**** DATA ****

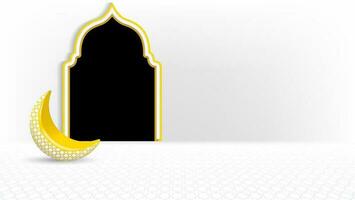 islamic bakgrund med halvmåne och Port i vit och guld färg.vektor illustration vektor
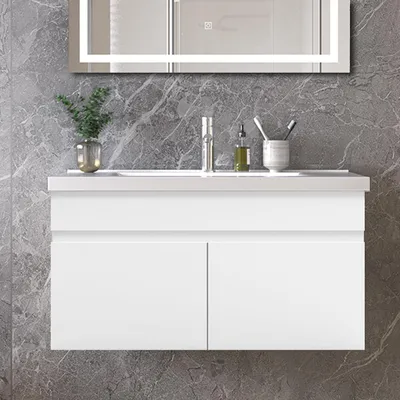 Produktbild von 80cm Keramik Waschtisch mit Unterschrank Badmöbel Set mit Türs Soft-close - Weiß Matt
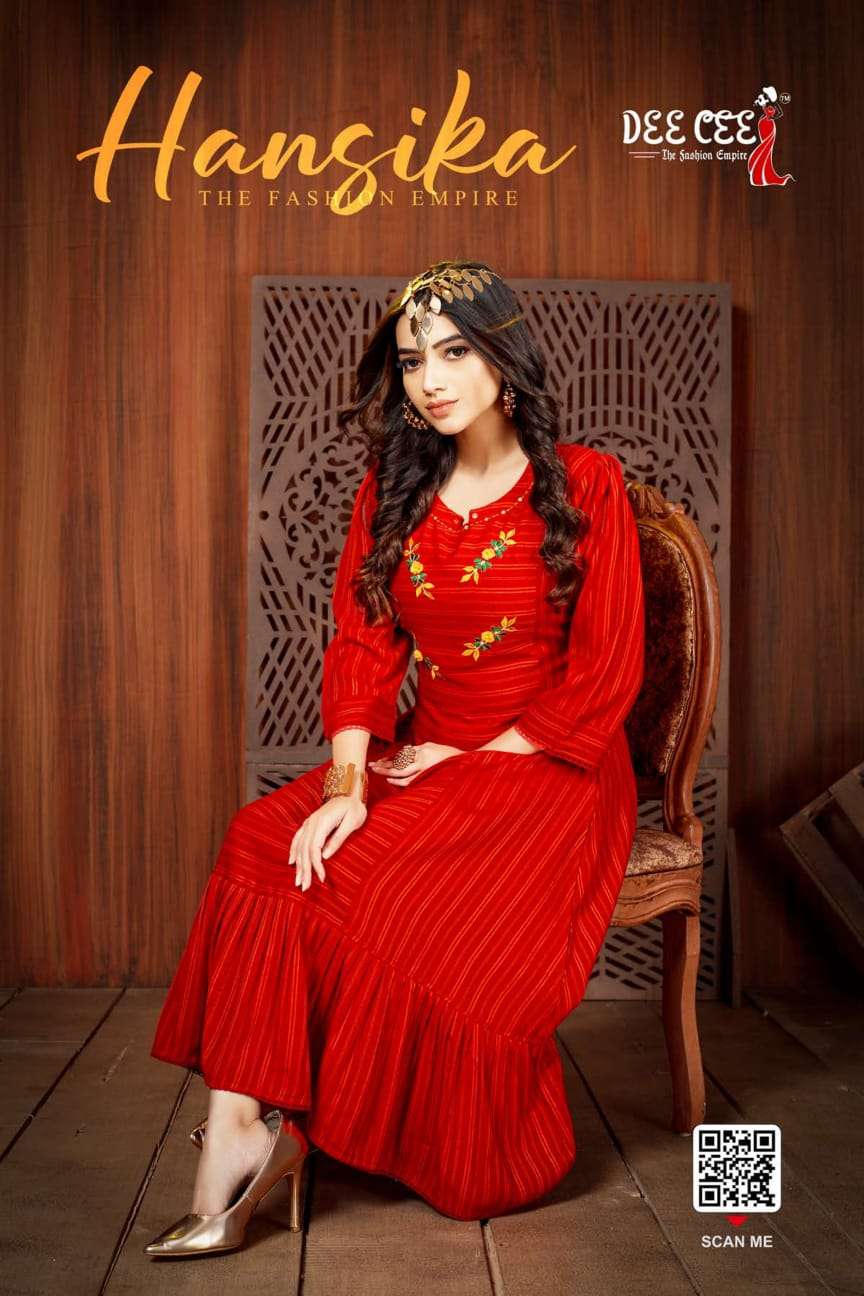 HANSIKA BY DEE CEE 1001 TO 1006 SERIES BEAUTIFUL STYLISH FANCY COLORFUL CASUAL WEAR & ETHNIC WEAR FANCY KURTIS AT WHOLESALE PRICE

****

Before you finish, make sure every line above has been repeated exactly and no picture remains in the copy.

* RESULT
 islamic bakgrund med halvmåne och Port i vit och guld färg.vektor illustration vektor
 Produktbild von 80cm Keramik Waschtisch mit Unterschrank Badmöbel Set mit Türs Soft-close - Weiß Matt
 HANSIKA BY DEE CEE 1001 TO 1006 SERIES BEAUTIFUL STYLISH FANCY COLORFUL CASUAL WEAR & ETHNIC WEAR FANCY KURTIS AT WHOLESALE PRICE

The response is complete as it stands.